Upon satisfaction, the Regional Director has the right to approve the application of conversion of Section 8 company to any company of the other kind, subject to all prevailing terms and conditions as it may deem fit at the time of conversion.

Conversion of Private Company into Public——

A Private Company has many privileges and exemptions, and it may enjoy these benefits, as long as it maintains its character as a Private Company. When this character is lost, the private company becomes public and the provisions of the Company act relating to public companies become applicable to such a company.

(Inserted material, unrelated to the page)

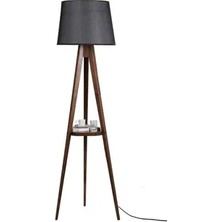 Vivense Sehpalı Pramit Hasir Siyah Abajurlu Tripod Lambader, Ceviz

  1. Default: The Court may examine to find out whether any provisions of the Companies Act have been violated by the Company. If the default is due to inadvertence or some sufficient cause based on just and equitable grounds, the court may declare that Company as Private; otherwise as public.
  2. Operation of Law: Deemed Public Company:
    • Conversion: No public money is to be involved in a private company. But a Public Company may incorporate a number of Private Companies who may still maintain private character. These are not allowed to have the privileges of a private company. Hence, it is provided (Sn 43-A) that if 25% or more of the paid-up capital is held by a public company, such a private company becomes public.
    • Turnover: As per 1988 Amendment, if the turnover exceeds a sum fixed by Central Govt. the company becomes public. This conversion is effective on the expiry of three months from the end of the accounting year.
    • Notice: Notice, within 3 months of such a Private Company becoming public, must be given to the Registrar, who shall effect the necessary changes.
    • Special features: Such a deemed public company may retain the characteristics of a private company the membership may be below 7.
  3. Conversion by Choice: A private company may by passing a special resolution, changing its articles, convert itself into a Public Company. Within 30 days it must file a prospectus (or statement in lieu of prospectus) with the registrar. It must comply with all other requirements of a public company, e.g., increasing the membership 7, appointment of Directors etc.

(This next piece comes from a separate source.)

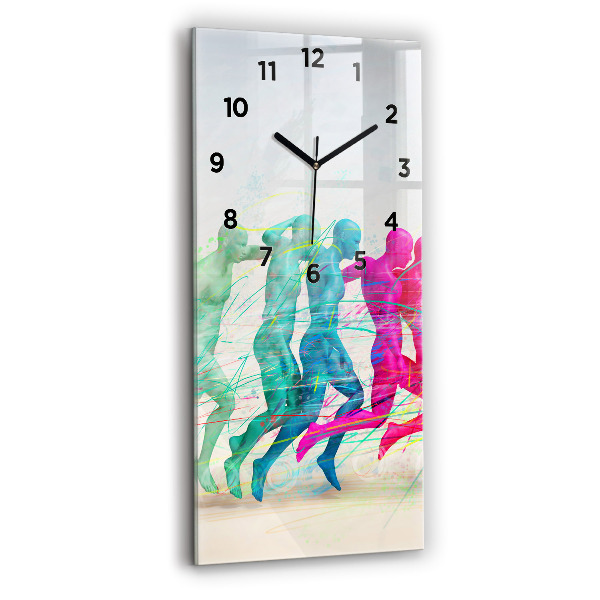 Modern vertical wall clock Colorful people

Conversion of a Public Company into Private Company:

A Public Company may be passing a Special Resolution, changing its articles, convert itself into Private Company. However, the approval of the Central Government is essential, for such a change.

There is no direct or express provision in the Act for the conversion of a public company into a private company except a reference in the proviso to s.31(1). A public company having a share capital and membership within the limits imposed upon private companies by s.3(1) (iii), may become a private company by following the procedure as given below:

  • The company in general meeting has to pass special resolution for altering the articles so as to include therein the necessary restrictions, limitations and prohibitions and to delete any provision inconsistent with the restrictions. For instance, a private company has to put certain restrictions on the right of members to transfer their shares.
  • The word ‘Private’ should be added before ‘Limited’.
  • The approval of the Central Government to the alteration in the articles for converting a public company into a private company should be obtained.
  • Within one month of the date of the receipt of the order of approval, a printed copy of the altered articles must be filed with the Registrar.
  • With thirty days of the passing of the special resolution, a printed or type-written copy thereof should be filed with the Registrar.